Back in the 1970's, a new concept hit the air: "values clarification". The idea was that we need to figure out exactly what is and isn't valuable. An example was the famous "Lifeboat" scenario played out for school kids. They were told that a ship sank and a lifeboat could only hold so many people, but there were three more than that. Given information about the available people in the boat, they were asked to figure out who would live and who would ... not. It was an exercise in determining the value of human life. A failed exercise.
From a moral perspective, there is (nearly) a universal belief that human beings are intrinsically valuable. They have innate rights. They deserve legal protection. The value of human life is not in question. Enter "values clarification" and we are asked to determine degrees of value for human life. So while just about everyone agrees that humans are valuable, not everyone agrees on how valuable.
This, in fact, is the center of the abortion question. No sane, informed person can deny that human life begins at conception. It is simply the first of many stages of human life. An embryo is just as human as a sexagenarian (someone in their 60's) (not me). Either we agree on that or some are perfectly happy defying all modern science, evidence, facts, biology, medicine, you name it. But, that's where the agreement ends. You see, the pro-abortion side will argue that some human life is not as valuable as other human life. So let's play some "values clarification" to see if we can figure out where and how.
Pro-Life (PL): We value all forms of human life.
Pro-Abortion (PA): We value all forms of human life.
PL: Um, no, you don't. Not the life of the unborn.
PA: Oh, well, no, not those. But ... those aren't human.
PL: Well, scientifically they are. So what is not human?
PA: Ah, yes, you see, prior to birth they are not fully developed.
PL: So, "fully developed" defines "human life" versus "potential" or "not meaningful" life.
PL: So the baby born, say, without arms or legs or with underdeveloped lungs is perfectly suited for execution as not as valuable?
PA: Oh, no! That's not it. No, it's viability!
PL: Could you define that, please? I mean, it isn't just the ability to survive outside of the womb because a newborn cannot survive outside the womb without care. And the number, thanks to modern science, keeps changing. It was once around 30 weeks and is now all the way back to 21 weeks. Would you then prevent the abortion of a human being over the age of 21 weeks of gestation?
PA: Well, no, not really. No, let's consider the real issues. Human life is a function of the brain. It requires sentience.
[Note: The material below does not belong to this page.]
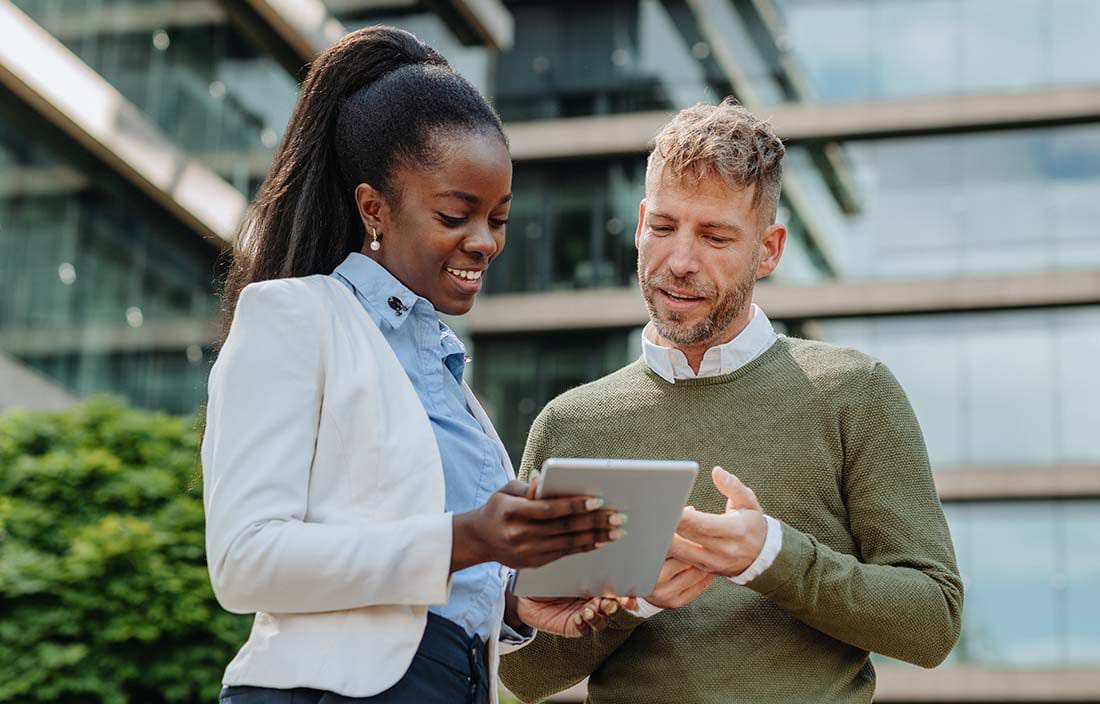 Two co-workers looking at information on a tablet together.
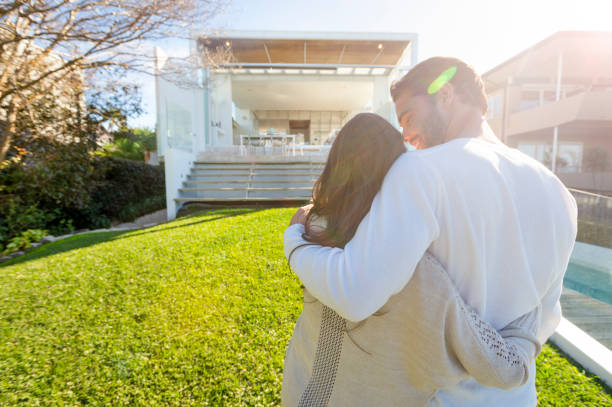 istock Young Couple standing in front of a modern new house. 1007514092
PL: Hmm, okay. So when science indicates that a fetus has measurable brain waves as early as 6 weeks (with the given limitations of modern instruments) and the ability to detect external stimulation at 7 weeks, and actually dream at 17 weeks, you would see all those as reasons to deny killing a human being after, say, 6 weeks, right?
PA: Oh, don't be silly. Those brain waves are not fully developed brain waves.
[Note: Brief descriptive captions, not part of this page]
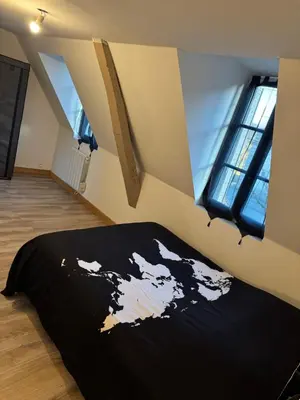 Un ou plusieurs lits dans un hébergement de l'établissement Appartement plein centre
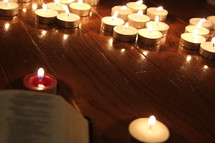 Bible in front of burning votive candles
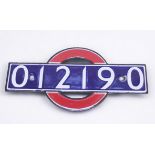 A London Underground enamel bullseye stocknumber identification plate, in the form of the iconic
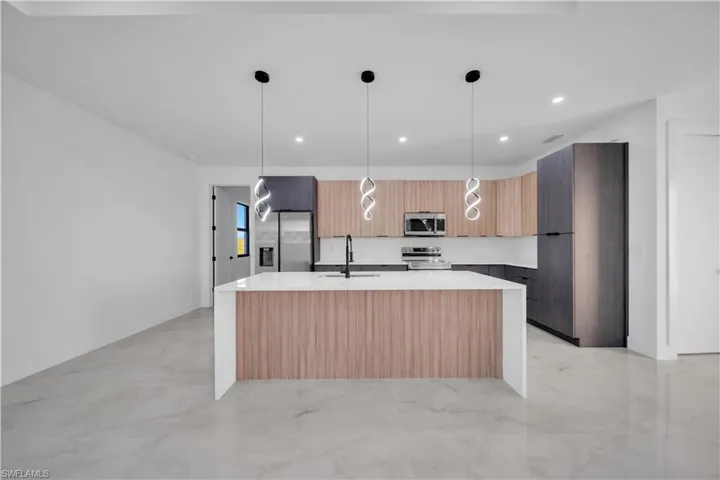 Kitchen featuring a kitchen island with sink, hanging light fixtures, modern cabinets, recessed lighting, and light stone counters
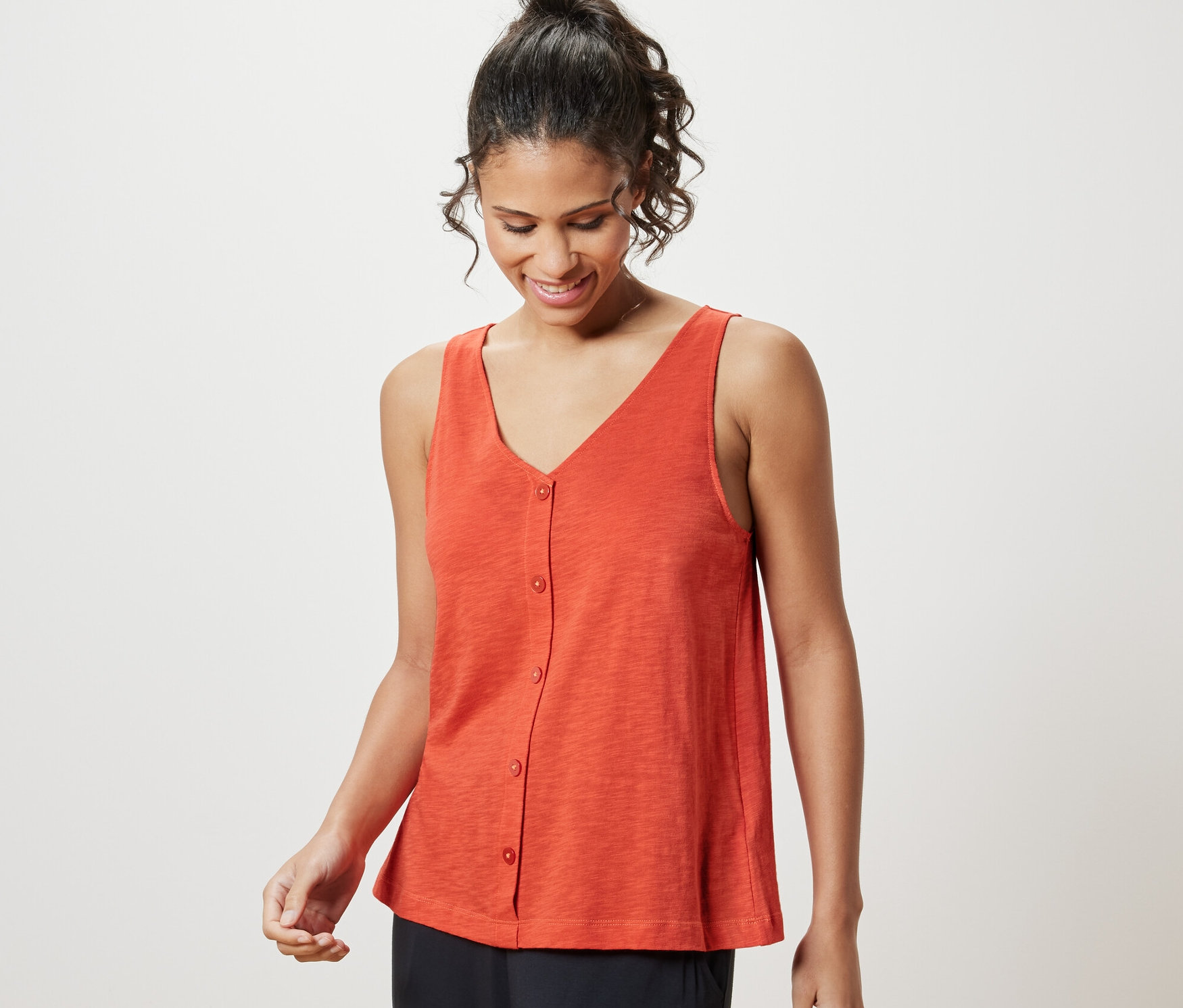 Kobieta ma na sobie pomarańczowy top z zawartością modalu.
PL: Okay, so at what point are brain waves classified as fully developed?
PA: Well, it's largely determined through self-consciousness, the ability to self-direct, the ability to interact with one's environment.
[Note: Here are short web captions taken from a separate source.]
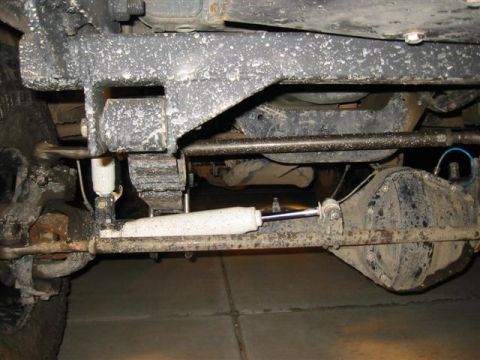 1994 Ford Bronco - The photo shows the undercarriage of a vehicle, focusing on the suspension and drivetrain components.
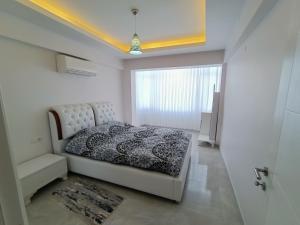 Postel nebo postele na pokoji v ubytování Flat For Rent At The City Center Of Kuşadası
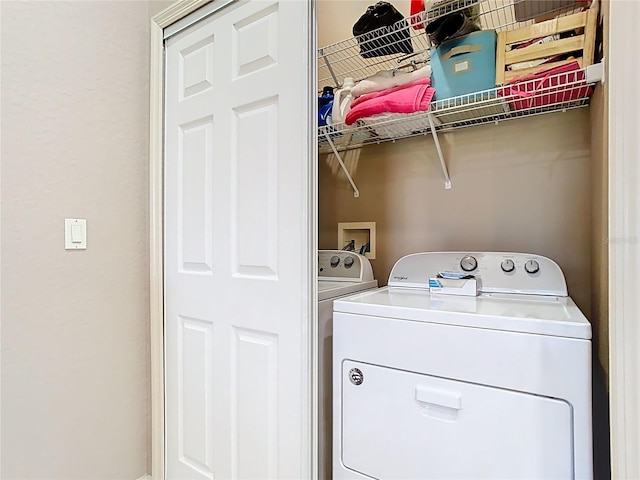 clothes washing area with washing machine and clothes dryer and laundry area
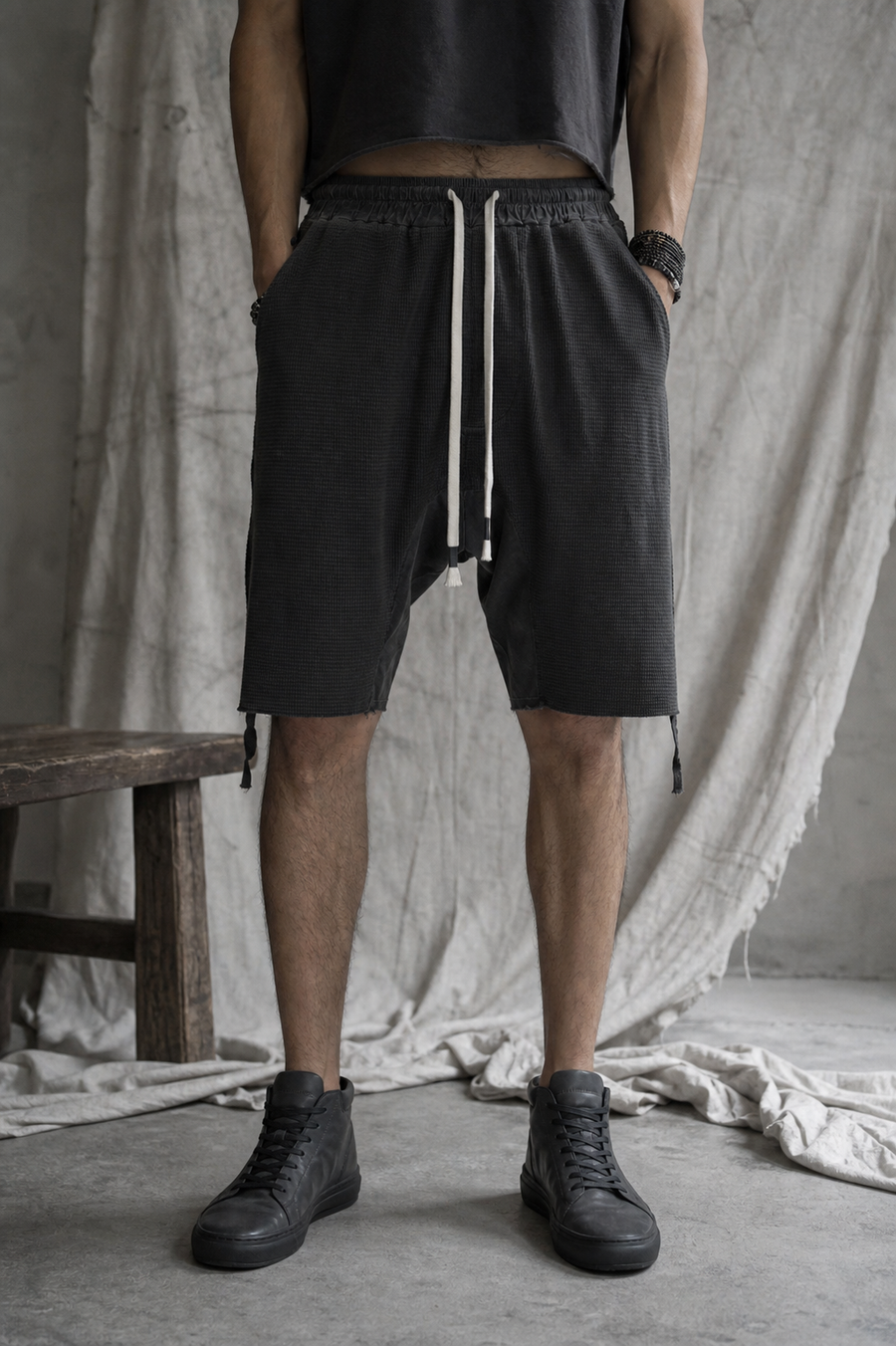 AITO Textured Drop-Crotch Shorts in Charcoal — front view on model, ivory knotted drawstring and hands in the deep side-seam pockets, hem above the knee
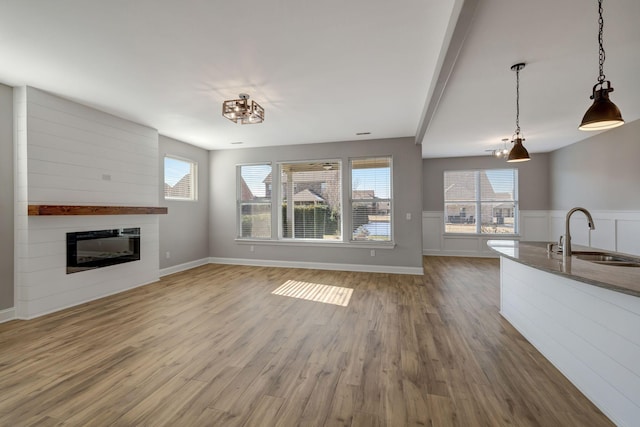 unfurnished living room with hardwood / wood-style floors, a fireplace, an inviting chandelier, and sink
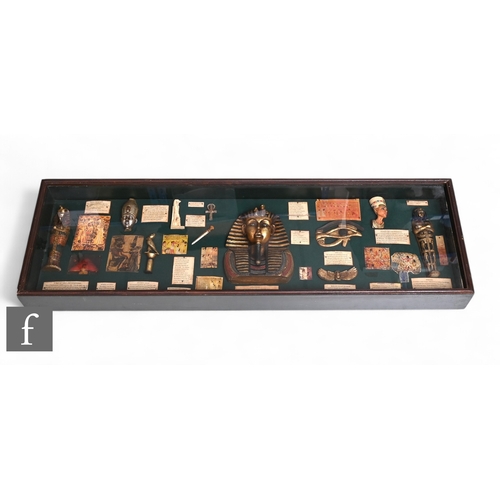 598 - A display case containing replica Tutankhamen relics and objects, 33cm x 106cm.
PL: Okay, I'm still not getting it. Science tells us that a fetus is self-conscious, capable of recognizing its mother's voice in the womb, capable of responding to stimulation in the womb. I mean, have you seen the picture of the fetus that grabbed the hand of the doctor? During surgery? That is self-directed interaction with one's environment.
PA: Well, perhaps, but it's not really consciousness.
PL: So, given that consciousness is the criteria, is it your position that terminating the life of a coma patient or a person in a vegetative state or an unconscious drug user would be fine since they fail to meet your criterion of consciousness?
PA: No, of course not! Why are you being so obtuse??!!
PL: I'm just trying to figure out what line you're drawing that classifies one human being as valuable and another as not.
PA: Look, this isn't hard. It's about fetal development. Until they have the proper functioning parts and the proper functioning brain and the proper functioning organs, they just aren't ... quite ... human.
PL: I see. So my wife no longer has her gall bladder and my friend no longer has his appendix and my cousin had her leg amputated because of cancer. Missing standard human parts makes them less valuable, right?
PA: Oh, you religious zealots, you'll never see the truth. You're just evaluating it from your right wing position while we're using science and reason.
PL: Yes! Science and reason. So ... when do you start using them?
I'm sorry, folks. I think we're at another failed "values clarification" exercise.